Crystal Structure of 4e.

The single crystal X-ray diffraction studies were carried out on a Bruker APEX II Ultra diffractometer equipped with Mo K_ɑ radiation (λ =0.71073 Å). Crystals of 4e were used as received (grown from MeOH). A 0.320 × 0.120 × 0.060 mm colorless crystal was mounted on a Cryoloop with Paratone oil. Data were collected in a nitrogen gas stream at 100(2) K using ϕ and ω scans. Crystal-to-detector distance was 50 mm and exposure time was 4.0 seconds (depending on the 2θ range) per frame using a scan width of 0.65°. Data collection was 100.0% complete to 25.242° in θ. A total of 35760 reflections were collected covering the indices, −9<=h<=9, −37<=k<=37, −9<=l<=8. 3511 reflections were found to be symmetry independent, with a R_int of 0.0298. Indexing and unit cell refinement indicated a Primitive, Monoclinic lattice. The space group was found to be P2₁/c. The data were integrated using the Bruker SAINT Software program and scaled using the SADABS software program. Solution by direct methods (SHELXT) produced a complete phasing model consistent with the proposed structure. All nonhydrogen atoms were refined anisotropically by full-matrix least-squares (SHELXL-2014). All carbon bonded hydrogen atoms were placed using a riding model. Their positions were constrained relative to their parent atom using the appropriate HFIX command in SHELXL-2014. Crystallographic data are summarized in Table S1.

Highlights.

• Novel potent and selective FiVe1 derivatives were synthesized.

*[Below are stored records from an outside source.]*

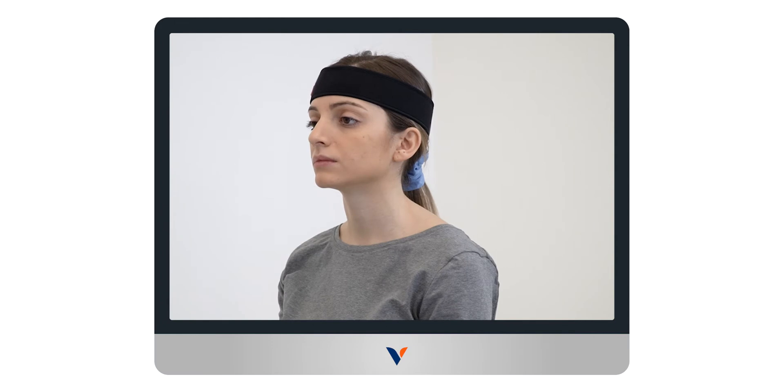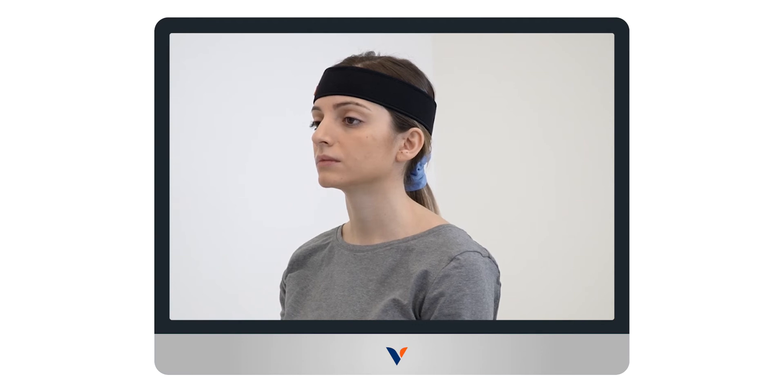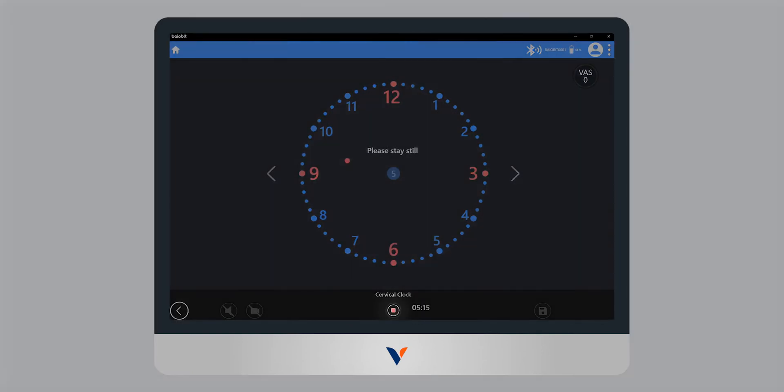The test begins with the patient sitting still in a neutral position with his head in front of the screen and the face in the center of the clock ring visible on the screen. Start the acquisition by clicking on REC.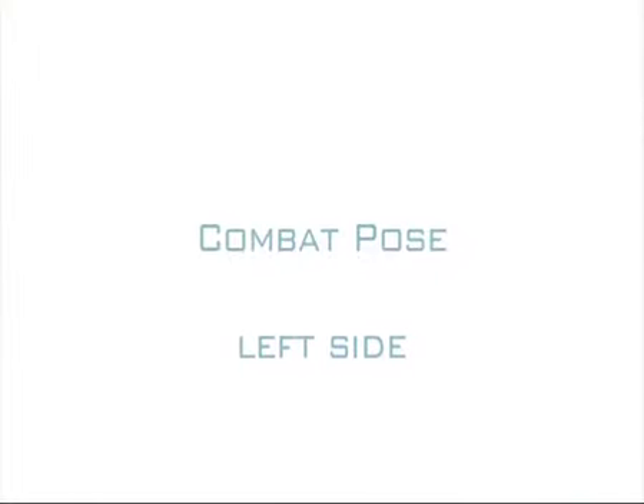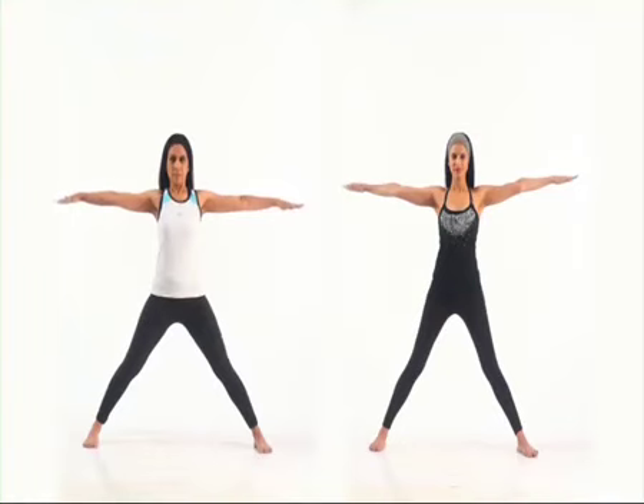The Combat Pose. Start with your feet kept wide apart and your arms raised at shoulder level.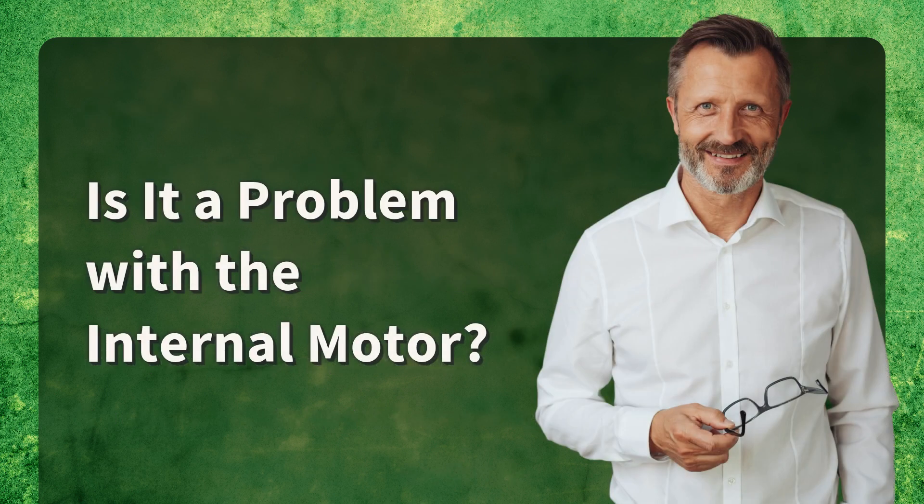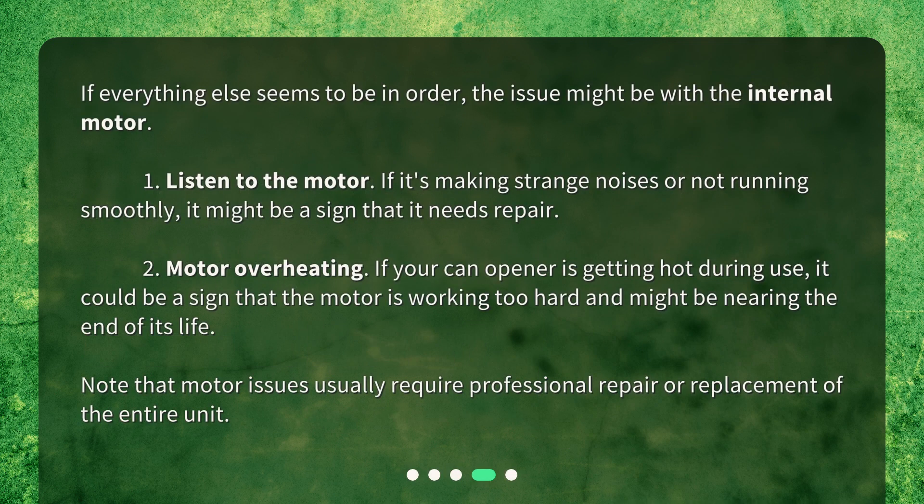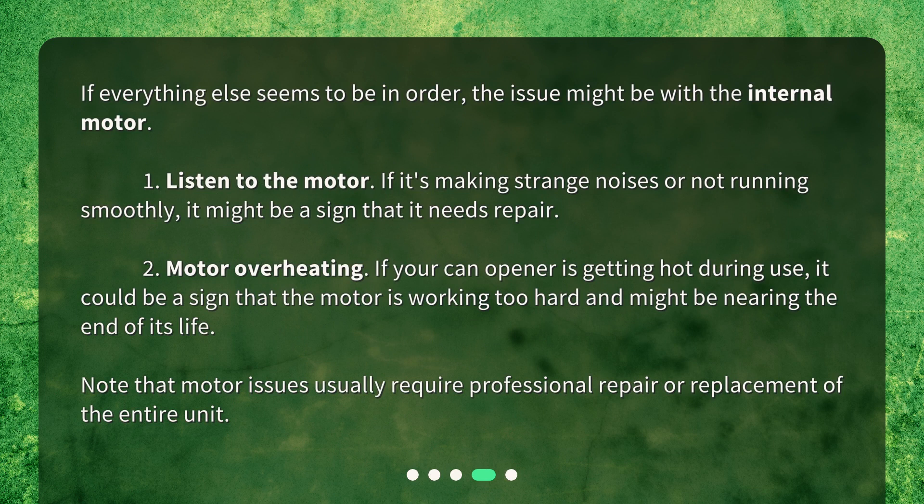Is it a problem with the internal motor? If everything else seems to be in order, the issue might be with the internal motor. 1. Listen to the motor — if it's making strange noises or not running smoothly, it might be a sign that it needs repair. 2. Motor overheating: if your can opener is getting hot during use, it could be a sign that the motor is working too hard and might be nearing the end of its life. 3. Note that motor issues usually require professional repair or replacement of the entire unit.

• Structure-activity relationship studies yielded a more potent compound 4e, with potency in the double digit nanomolar range.

• Compound 4e was found to induce VIM Ser56 phosphorylation at 10-fold lower concentration (100 nM) when compared to FiVe1

• The pharmacokinetics profile for 4e in mouse demonstrated a superior oral bioavailability than FiVe1

• Discovery of new compounds derived from 4e exhibited superior profiles in terms of liver microsome stability and aqueous solubility.